Helena Wojtczak: Railwaywomen, Exploitation, betrayal and triumph in the workpace

When Helena Wojtczak mentioned to a fellow railway researcher that she was writing a book about railwaywomen, he said she was wasting her time and asserted that women had played no significant role in their history. Despite many similar put downs, Wojtczak perservered and was, of course, proved right. There was indeed, a fantastic book in the previously untold story of women in the railways even though she had to publish it herself.

The conventional wisdom is that women helped out a bit on the railways in the world wars, but otherwise the railways were a man’s world. The truth is very different. There is a rich history even if there never were any women train drivers in the age of steam and in peacetime women were mostly confined to certain well defined jobs – the three cs, as Wojtczak calls them: catering, clerical and crossing keepers.

The latter is the most unexpected finding: the first women crossing keepers were employed in the 1850 and from 1926 outnumbered men in that job. But of course they suffered blatant discrimination in both pay and conditions. In 1950, men were paid around £7 while women got just over half, between £3 11 shillings to £4 10 shillings. Moreover, while men were restricted by law to a 12 hour shift, women keepers could work 16 hours or more, being allowed only four hours ‘shopping leave’. It is sadly inevitable that crossing keepers had the lowest status of any job in the railways

Wojtczak’s meticulous research uncovers early women rail workers in all sorts of odd places. The first women were cleaners, ladies’ room attendants, catering workers and, more surprisingly, as early as the 1850s, crossing keepers. Wojtczak herself was one of the pioneers, becoming the first guard to be employed by British Rail in 1979.

This is true hidden history. What’s more it seems to have been almost malevolently forgotten by the inevitably male chroniclers of the railway. Time and again Wojtczak tells a story about a woman’s involvement in a railway incident but when the tale is written up in a railway history, the female dimension is completely omitted. For example, when porter Violet Wisdom helped with the chaotic scene after the 1942 bombing of Bramley station in Surrey, the male chronicler of the tale only mentioned the other railway worker to be first on the scene, the fireman of a train who ‘singlehandedly attended the injured’, although both received certificates for the way they handled the situation.

Wojtczak highlights, too, how Railnews , BR’s staff newspaper, perpetuated the myth that women had little place in the industry other than to decorate the calendars of suppliers.
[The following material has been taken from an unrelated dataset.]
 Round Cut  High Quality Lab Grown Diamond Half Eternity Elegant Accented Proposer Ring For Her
In the post Equal Rights Act era, it persisted in presenting women who broke through the glass barrier into new areas of railway employment as ‘pretty brunette’ or ‘curvy blonde’

The unions come out particularly badly. They were always more concerned with protecting the position of their male members rather than recognising that women had a right to a decent wage too. This meant that there was active discouragement of women taking on many jobs, policies that were often hidden behind patronising nonsense as ‘their busts would get in the way’ or ‘it would damage their health’. Even as recently as the 1960s, the unions themselves discriminated against women workers, paying female clerks half as much as their male counterparts.

While both world wars offered temporary opportunities for women, in peacetime they quickly lost much of the ground they gained. Wojtczak is particularly good at dispelling myths here, showing that it was not married women earning ‘pin money’ who took on these roles but those with no other source of support. Although many were war widows, they were ruthlessly culled from jobs they needed desperately so that male ‘breadwinners’ could take them back. The unions were deeply implicated in helping create a climate in which men’s needs were seen to be paramount.

Wojtczak’s effort to document all so much of her meticulous research occasionally makes the book into too much of a catalogue and recitation of tales of women in the industry, although that characteristic will make it an invaluable resource for researchers for years to come. Fortunately, she writes well enough to carry the reader along, helped by a great collection of photographs and drawings.

This is more than a history of women’s involvement in the railway. It is a carefully documented story of discrimination which at times is so wicked as to make one wince, and reminds us just that the whole idea of women working on equal terms with men is so novel. The Sex Discrimination Act came into force only 30 years ago and attitudes were slower to change than the law. Women were put off applying by a phalanx of middle managers who made sure that they were deterred from even trying, and by job titles that retained their sexist wording long after the passing of the act.

Wojtczak, however, celebrates the fact that ‘ultimately, railwaywomen have triumphed’ since they have equal pay and equal opportunities. Indeed, three women currently head train operating companies and another was in charge of the Scottish zone of Railtrack. Nevertheless, Neanderthals still stalk the railways. Keith Norman, the general secretary of ASLEF dismissed the book saying ‘I doubt anyone will read it, anyway’. Prove him wrong.